How to handle changes in custody and visitation

How to handle changes in custody and visitation

On behalf of Aaron & Aaron, Attorneys at Law posted in Child Custody on Sunday, November 27, 2016.

Parents in South Carolina who are getting a divorce may face a number of issues regarding visitation, custody and child support in the years ahead. One common situation is that the noncustodial parent may start to want more time with their children. This parent should not withhold child support in an effort to make this happen. Instead, talking with the other parent and pursuing a modification in court is the right approach.

In fact, there are a number of issues that are best handled by negotiating. Common problems include one parent being consistently late for visitation, disagreements regarding religion and education, and one parent feeling as though they are shouldering the bulk of many child care duties despite only having joint physical custody.

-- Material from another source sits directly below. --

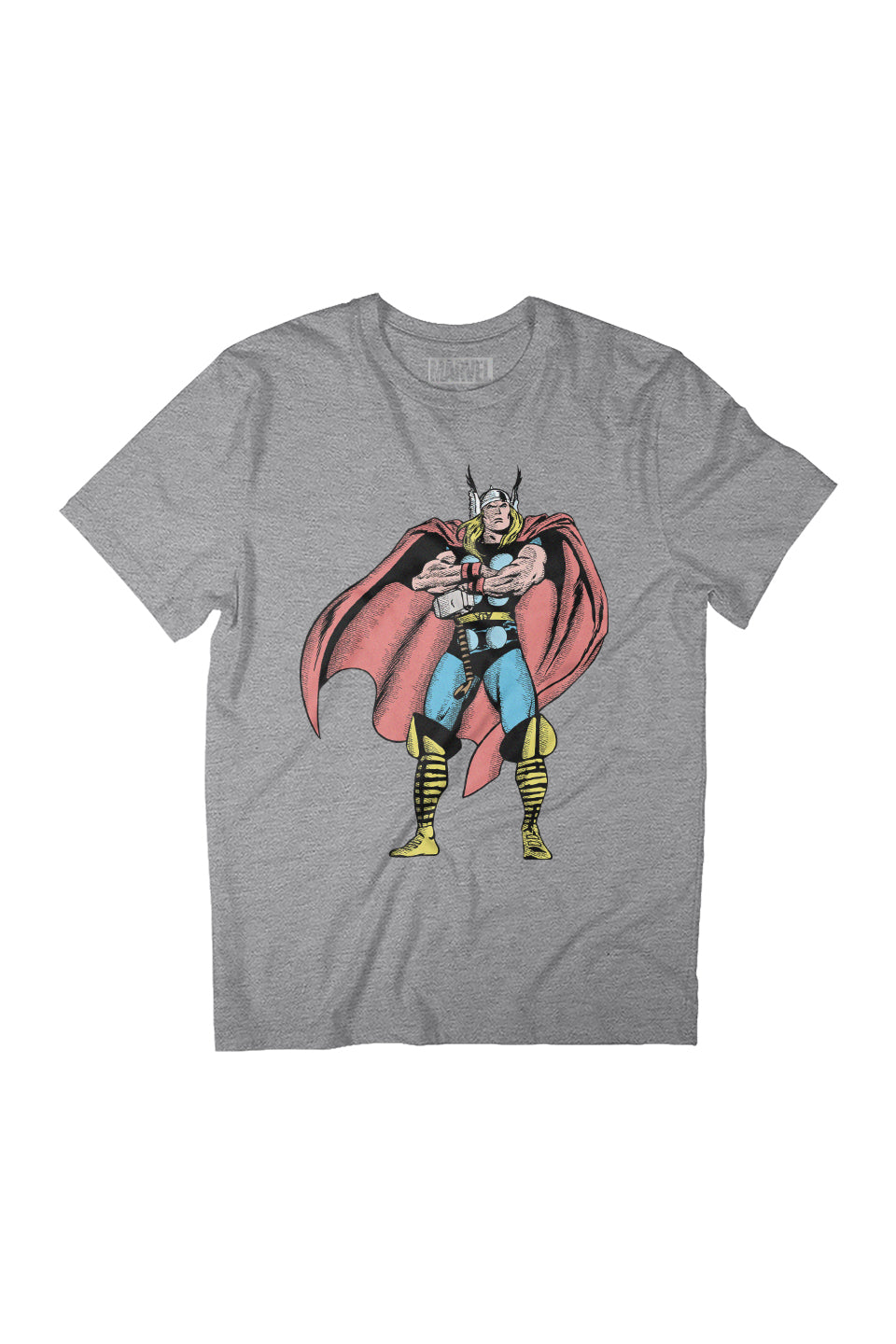 Marvel Comic Thor Arms Folded Pose Women's Relaxed Fit product image 1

Some parents may worry about the other parent manipulating or even neglecting or abducting the child. Some examples might be "bribing" a child with gifts, living in an environment that seems insufficiently childproof or otherwise unsafe, or not sharing vacation plans. Parents who want to relocate may need to go through legal channels if they want to maintain all or partial custody. If abduction is a concern, a parent may want to speak to an attorney about what they can do.

If the couple can co-parent with relatively little conflict, children may adjust better to the divorce. One option parents may want to consider is writing a plan for conflict resolution into their parenting agreement. Some of the issues mentioned above, such as how to handle a shift in visitation schedules or vacation plans, can be addressed in the agreement as well. Keeping the child's best interests in mind, just as a judge would do, may be one guideline parents can use to guide their decision-making.